Of course, it was the fruit of Coppola’s estimable winery that financed “Tetro,” but the film itself appears to be a product of a filmmaker who’s become richer with age, though the clearer focus he now has as an artist has produced a feature that might seem less so for some audiences. Like his last film, “Youth Without Youth,” “Tetro” is aggressively unconventional, using crisp black and white cinematography to tell the tale of the Tetrocinis, an estranged family of artists. The youngest son (Alden Ehrenreich) feigns a leave of absence from military school, much like Coppola did in his youth, in order to seek out his mercurial older brother Tetro (Vincent Gallo) in Buenos Aires.
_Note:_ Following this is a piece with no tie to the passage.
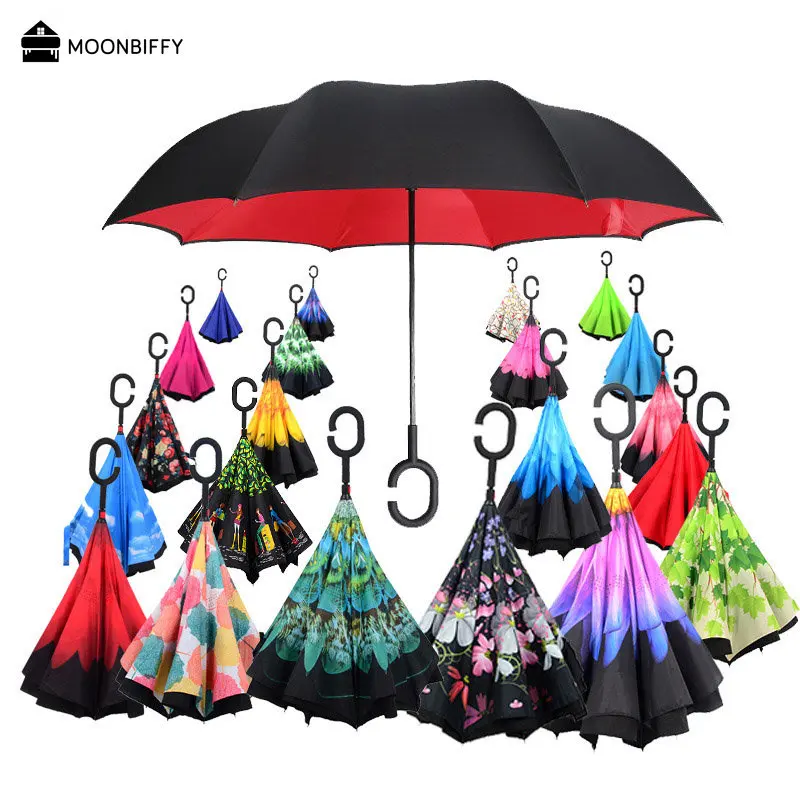 

2023 Hot Folding Long Shank Double Layer Inverted Umbrella Windproof Reverse C-Hook Male Golf Umbrella Reverse Umbrellas for Car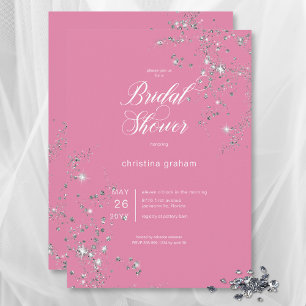 Invitación Moderna ducha de novia con diamantes de glam rosa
The result is reminiscent of Picasso’s “Guernica,” if it were applied to family dynamics — bold and confrontational, tempered with flashbacks of the family’s painful past, occasionally in color, and splashed with scenes of ballet shot in vivid reds and blues, all brought together with the command of a master filmmaker.
Coppola himself wouldn’t agree with that last part — in the roundtable, he repeated what he told his longtime friend and editor Walter Murch, that his intention with going to Argentina to shoot “Tetro” was “to learn how to make movies,” a renewed perspective on filmmaking that gives some context to recent interviews where he’s suggested there never should’ve been a sequel to “The Godfather” or that this is the start of “a second career.” Afterward, I got a few brief moments to talk to Coppola and Ehrenreich, who was said to have been discovered by Steven Spielberg at a bar mitzvah, about Coppola’s decision to self-distribute and why film is a still a young art form.
You’ve dipped your toe into self-distribution with the college tour for “Coda” and the re-release of “One From the Heart” — what was it about “Tetro” that made you think this was the way to go?
Francis Ford Coppola: It was really not so much about distribution. The film has only been finished for about four weeks — we finished it just before Cannes. I didn’t want to show it unfinished to distributors, and that’s a very naughty thing because they never want to see it together and you’ve got to show it to one first, then you can’t say you showed it to the other guy, and then if you show it to one first and they don’t take it, then everyone knows they didn’t take it. It’s just a nightmare to get involved. So I decided I would only show the film to distributors when it was finished and just go to Cannes and show it to everybody.
But what happens with independent films is they tend to release them at the end of the year because they feel they need action for prizes and things, which I don’t think they do. I think that’s already an old fashioned idea. I wanted the film to come out as soon after Cannes as possible in the spring, so I picked the date June 11th, which is my father’s birthday, and by doing that, obviously, there was no distributor, so we just started to book the theaters and had to make the web site and the poster and the trailer, so that’s what distribution is.
Also, I didn’t want the film to come out in November because if I did, then I’d be doing PR all year, which is what the distributor wants you to do. June 11th is good because there’s all the big summer pictures, there aren’t a lot of independent films out, so we maybe have a better chance, even with critics, that they would be able to not have to write a review every three hours and they’d be able to think about it.